Add Image Moderation to OCI Generative AI Guardrails
- Services: Generative AI
- Release Date: May 29, 2026
You can now use the ApplyGuardrails API in OCI Generative AI to moderate image inputs through the existing content moderation capability. Image moderation is available with Guardrails system version 1.1.0.
This feature helps identify unsafe content in standalone images or multimodal requests that include both text and images. You can use it to evaluate user-uploaded images, generated images, screenshots, and images that contain embedded text.
To use image moderation, submit the request with multimodalInput, include an item with "type": "IMAGE", enable contentModerationConfig, and specify Guardrails system version 1.1.0 using guardrailVersionConfig.
Supported image formats include:
JPEGPNGWebP
A single request can include up to five images, and each image can contain up to 170 megapixels. Image inputs are also subject to image-token throttling, with a default limit of about 200,000 image tokens per minute. If you need a larger image-token limit, you can request a service limit increase.

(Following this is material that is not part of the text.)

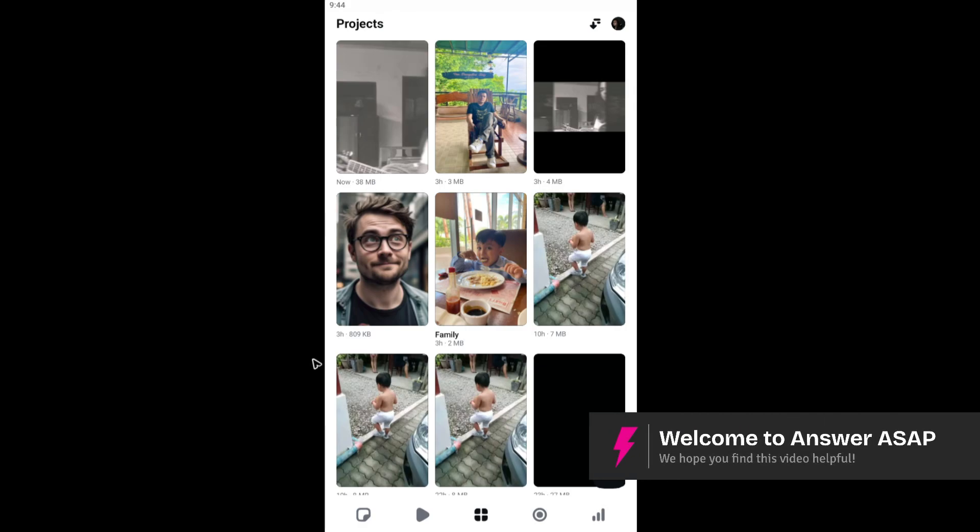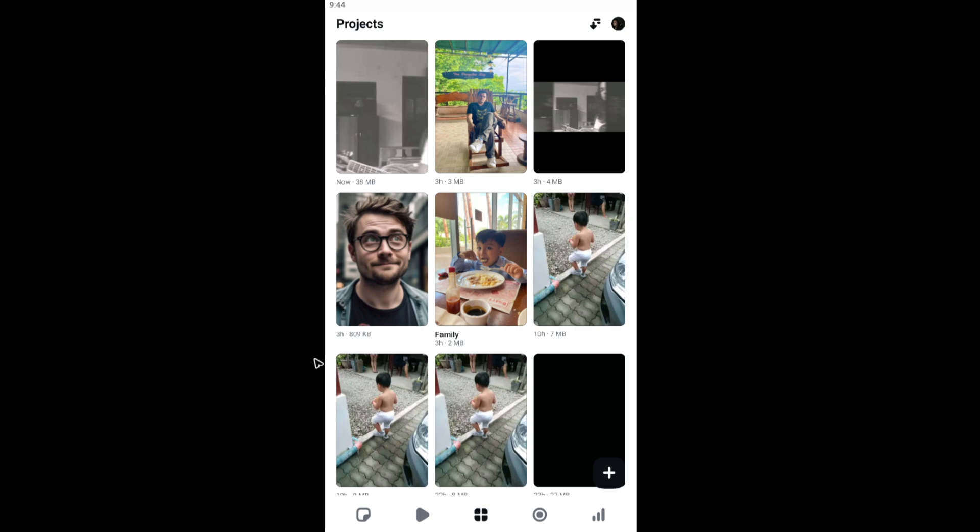Welcome. In this video, I'll show you how to export videos in 1080p from the Edits app.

Image moderation doesn't introduce a separate response object. Results are returned as part of the existing contentModeration result, including the OVERALL score. The new flaggedModalities field identifies which modality contributed to the moderation result. Supported values are TEXT and IMAGE.
Example response excerpt:
{
"name": "OVERALL",
"score": 1.0,
"flaggedModalities": ["TEXT", "IMAGE"]
}
For API examples and setup details, see About OCI Generative AI Guardrails.
Disclaimer
Our Content Moderation (CM) and Prompt Injection (PI) guardrails have been evaluated on a range of multilingual benchmark datasets. However, actual performance may vary depending on the specific languages, domains, data distributions, and usage patterns present in customer-provided data as the content is generated by AI and may contain errors or omissions. Accordingly, it is intended for informational purposes only, should not be considered professional advice and OCI makes no guarantees that identical performance characteristics will be observed in all real-world deployments. The OCI Responsible AI team is continuously improving these models.

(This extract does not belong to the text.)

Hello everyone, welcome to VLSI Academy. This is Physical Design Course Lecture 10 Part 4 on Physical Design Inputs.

Our content moderation capabilities have been evaluated against RTPLX, one of the largest publicly available multilingual benchmarking datasets, covering more than 38 languages. However, these results should be interpreted with appropriate caution as the content is generated by AI and may contain errors or omissions. Multilingual evaluations are inherently bounded by the scope, representativeness, and annotation practices of public datasets, and performance observed on RTPLX may not fully generalize to all real-world contexts, domains, dialects, or usage patterns. Accordingly, the findings are intended to be informational purposes only and should not be considered professional advice.